- **What you need to do**: Type the data below again exactly. Omit all pictures.

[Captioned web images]
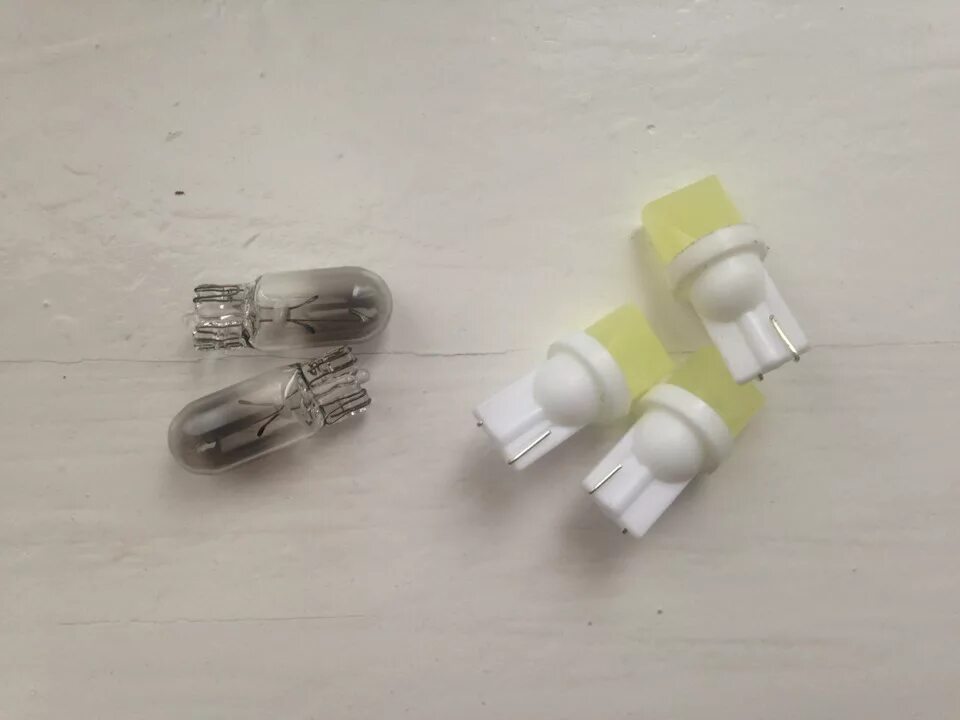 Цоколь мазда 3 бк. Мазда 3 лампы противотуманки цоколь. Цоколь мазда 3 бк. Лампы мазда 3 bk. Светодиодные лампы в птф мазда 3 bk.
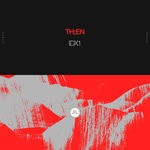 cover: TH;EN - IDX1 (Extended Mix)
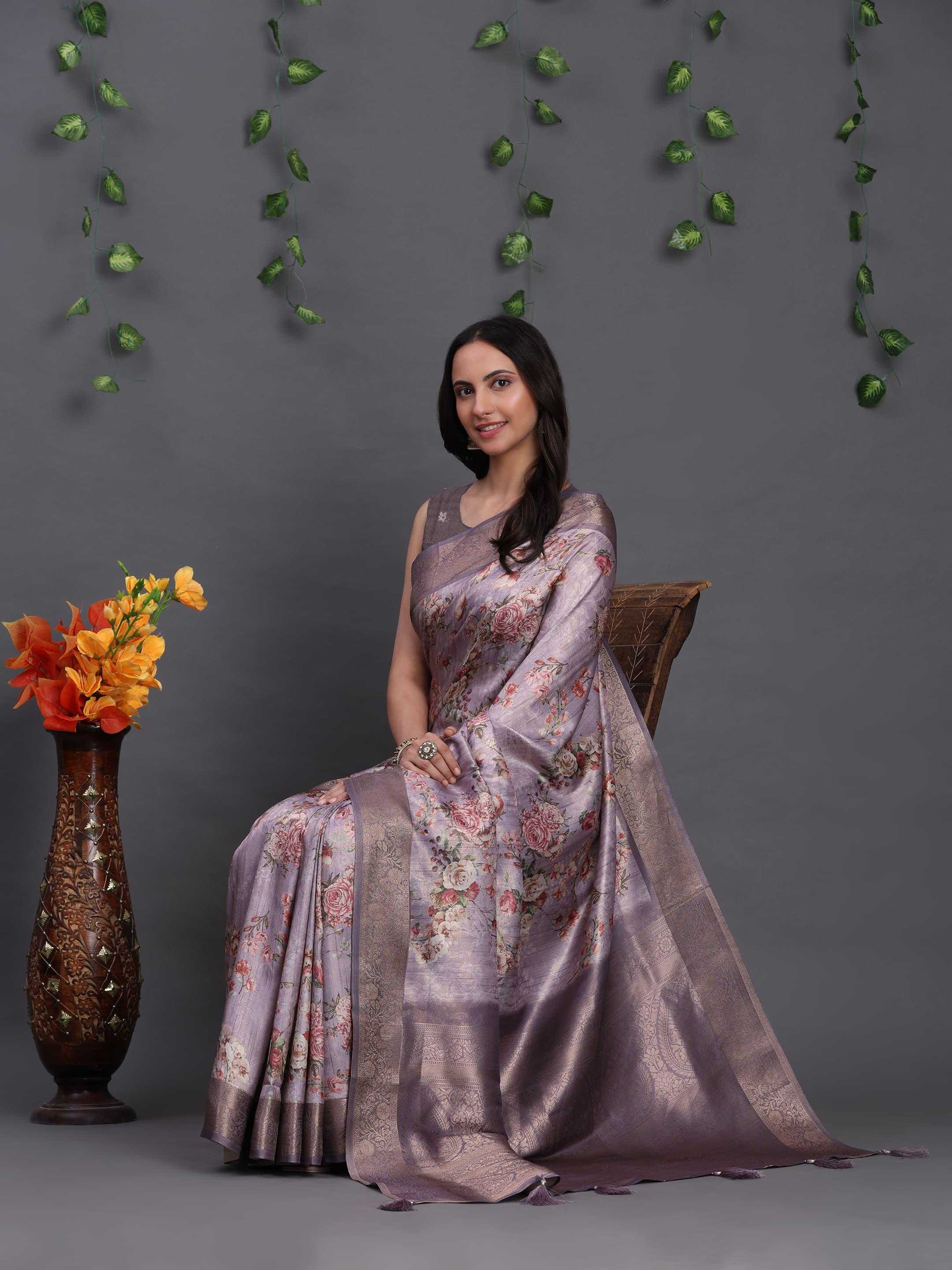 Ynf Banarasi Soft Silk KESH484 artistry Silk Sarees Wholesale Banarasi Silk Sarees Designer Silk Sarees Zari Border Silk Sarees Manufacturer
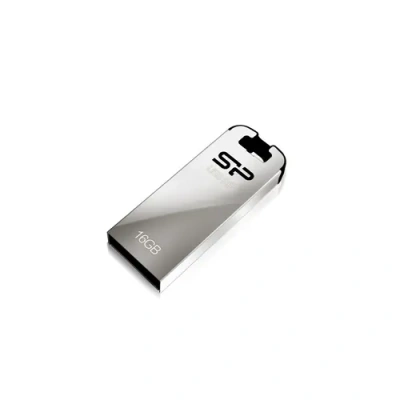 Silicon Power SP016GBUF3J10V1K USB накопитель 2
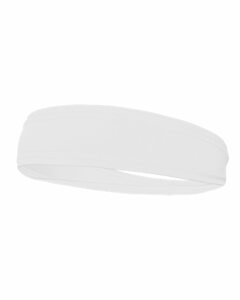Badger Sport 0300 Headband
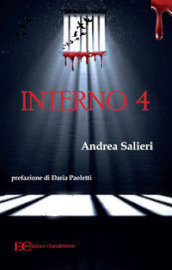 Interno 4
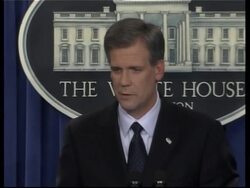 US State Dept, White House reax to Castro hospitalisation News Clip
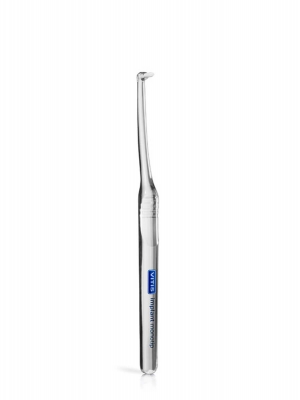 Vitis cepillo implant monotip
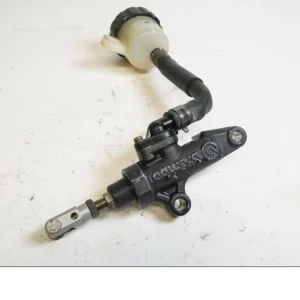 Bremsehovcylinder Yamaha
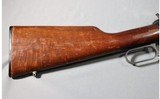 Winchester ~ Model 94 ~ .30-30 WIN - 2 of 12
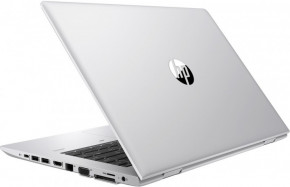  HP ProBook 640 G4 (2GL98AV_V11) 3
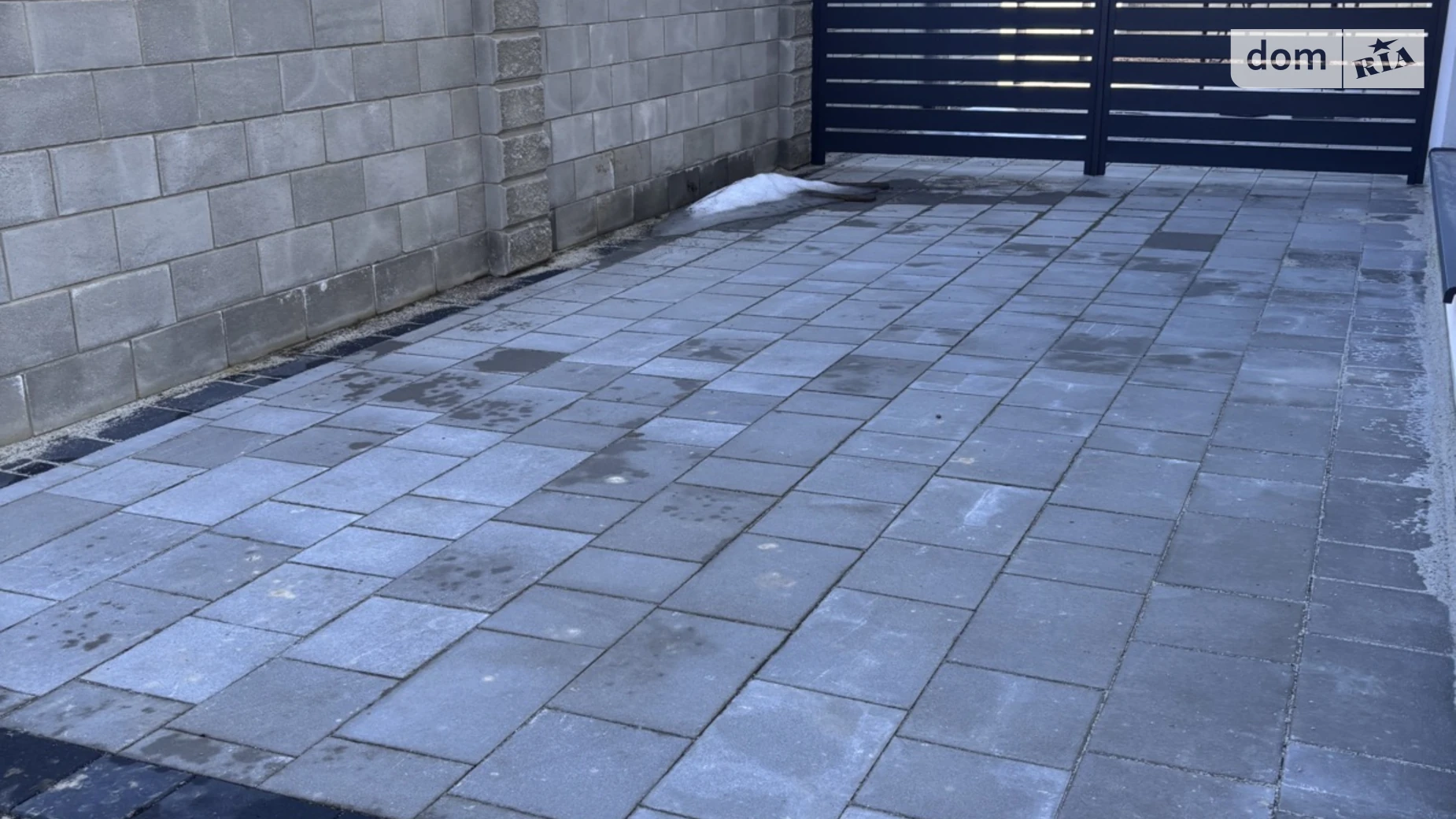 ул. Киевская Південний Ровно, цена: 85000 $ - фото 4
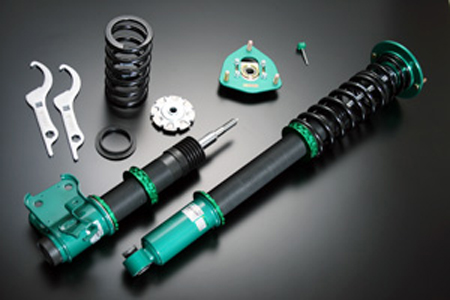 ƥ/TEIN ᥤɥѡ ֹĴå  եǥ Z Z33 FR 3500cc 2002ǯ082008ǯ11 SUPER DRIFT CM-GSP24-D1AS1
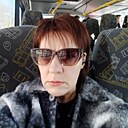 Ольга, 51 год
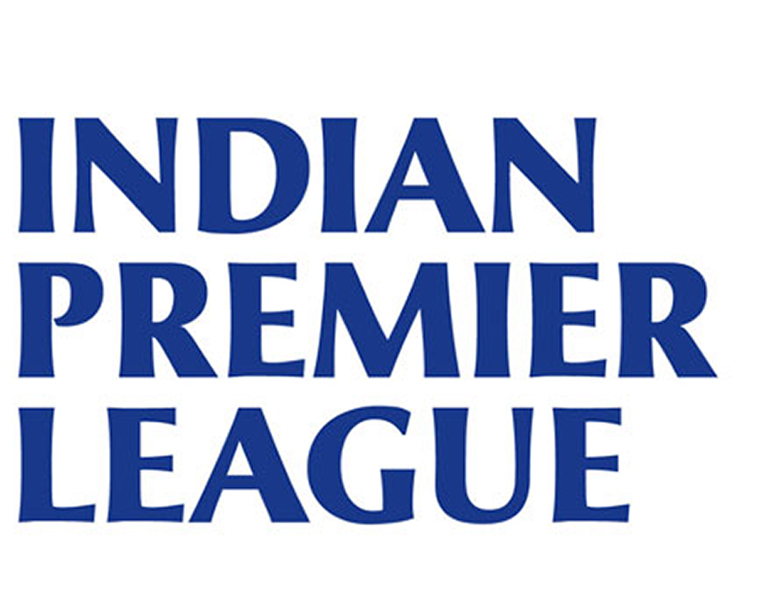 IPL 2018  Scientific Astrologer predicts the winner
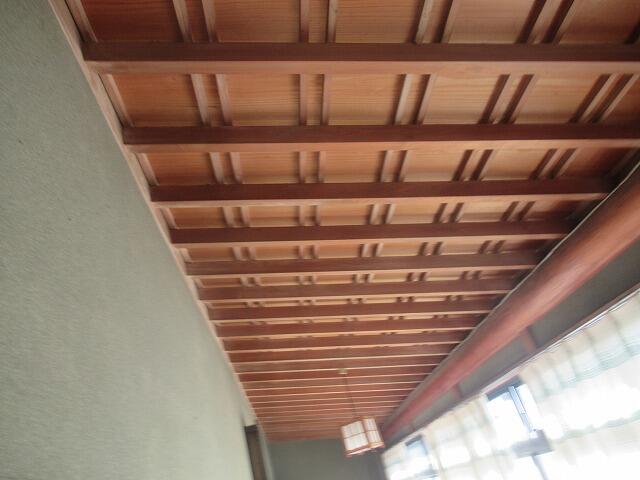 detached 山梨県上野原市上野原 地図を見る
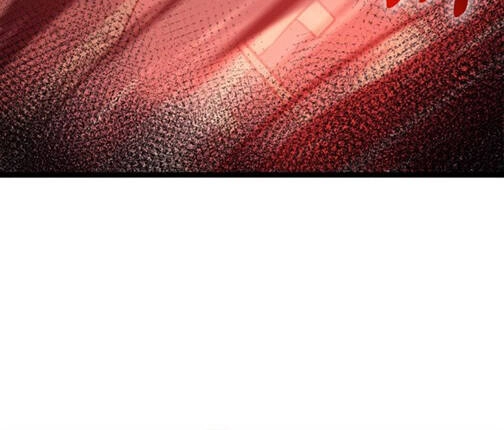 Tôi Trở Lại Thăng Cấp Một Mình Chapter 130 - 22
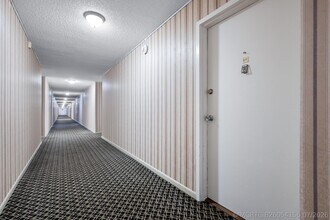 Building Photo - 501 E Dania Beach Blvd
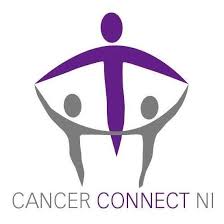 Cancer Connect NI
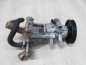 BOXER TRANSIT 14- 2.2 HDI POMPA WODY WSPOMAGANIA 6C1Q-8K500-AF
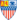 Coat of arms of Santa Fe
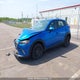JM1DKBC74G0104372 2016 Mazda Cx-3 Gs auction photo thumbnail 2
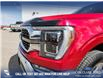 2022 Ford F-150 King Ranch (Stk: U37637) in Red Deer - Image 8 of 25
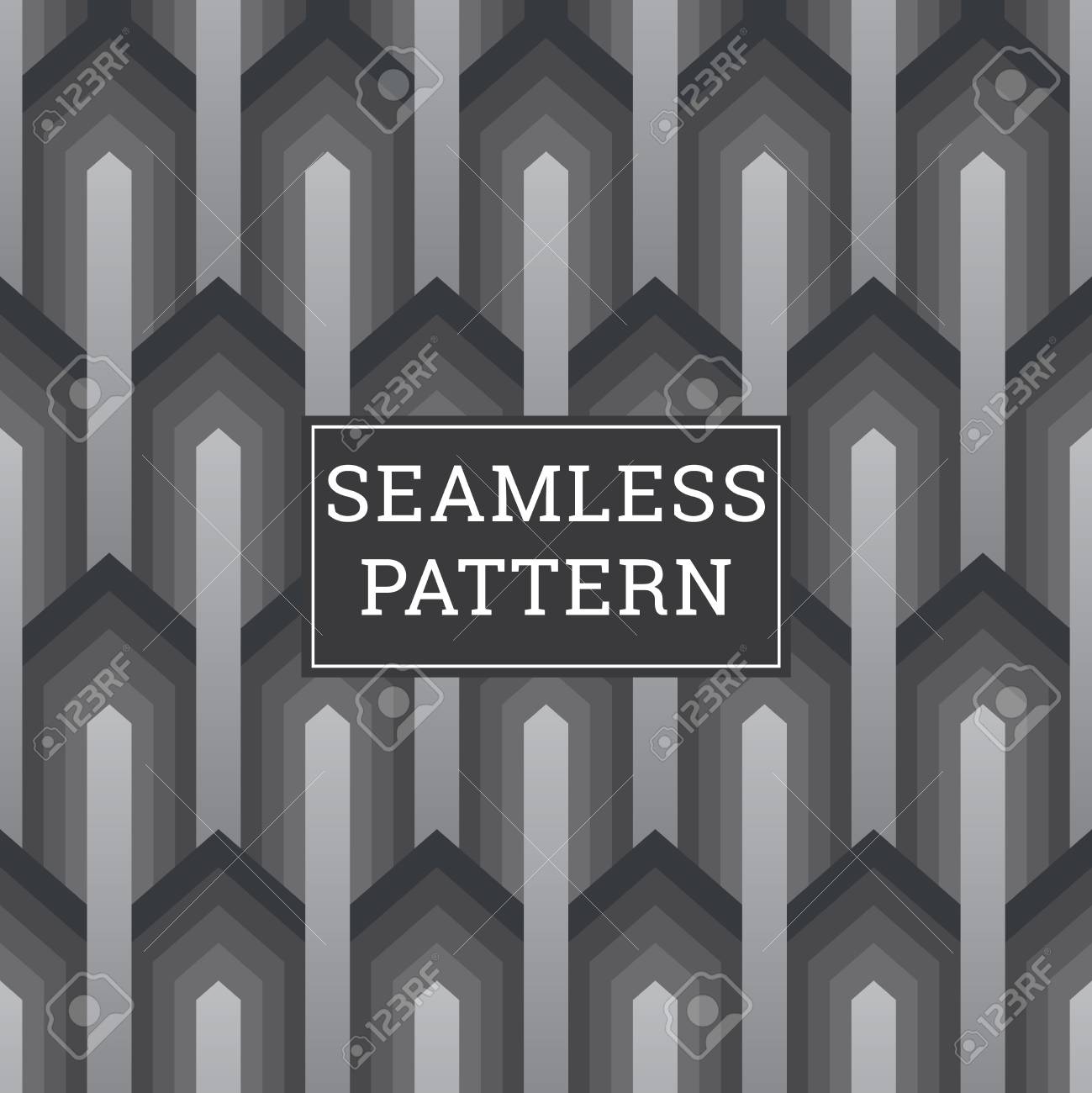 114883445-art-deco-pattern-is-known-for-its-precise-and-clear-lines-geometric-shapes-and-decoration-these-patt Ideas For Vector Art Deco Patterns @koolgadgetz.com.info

- **Completed task**:
 Цоколь мазда 3 бк. Мазда 3 лампы противотуманки цоколь. Цоколь мазда 3 бк. Лампы мазда 3 bk. Светодиодные лампы в птф мазда 3 bk.
 cover: TH;EN - IDX1 (Extended Mix)
 Ynf Banarasi Soft Silk KESH484 artistry Silk Sarees Wholesale Banarasi Silk Sarees Designer Silk Sarees Zari Border Silk Sarees Manufacturer
 Silicon Power SP016GBUF3J10V1K USB накопитель 2
Badger Sport 0300 Headband
 Interno 4
 US State Dept, White House reax to Castro hospitalisation News Clip
 Vitis cepillo implant monotip
 Bremsehovcylinder Yamaha
 Winchester ~ Model 94 ~ .30-30 WIN - 2 of 12
  HP ProBook 640 G4 (2GL98AV_V11) 3
 ул. Киевская Південний Ровно, цена: 85000 $ - фото 4
 ƥ/TEIN ᥤɥѡ ֹĴå  եǥ Z Z33 FR 3500cc 2002ǯ082008ǯ11 SUPER DRIFT CM-GSP24-D1AS1
 Ольга, 51 год
 IPL 2018  Scientific Astrologer predicts the winner
 detached 山梨県上野原市上野原 地図を見る
 Tôi Trở Lại Thăng Cấp Một Mình Chapter 130 - 22
 Building Photo - 501 E Dania Beach Blvd
 Cancer Connect NI
 BOXER TRANSIT 14- 2.2 HDI POMPA WODY WSPOMAGANIA 6C1Q-8K500-AF
 Coat of arms of Santa Fe
JM1DKBC74G0104372 2016 Mazda Cx-3 Gs auction photo thumbnail 2
 2022 Ford F-150 King Ranch (Stk: U37637) in Red Deer - Image 8 of 25
 114883445-art-deco-pattern-is-known-for-its-precise-and-clear-lines-geometric-shapes-and-decoration-these-patt Ideas For Vector Art Deco Patterns @koolgadgetz.com.info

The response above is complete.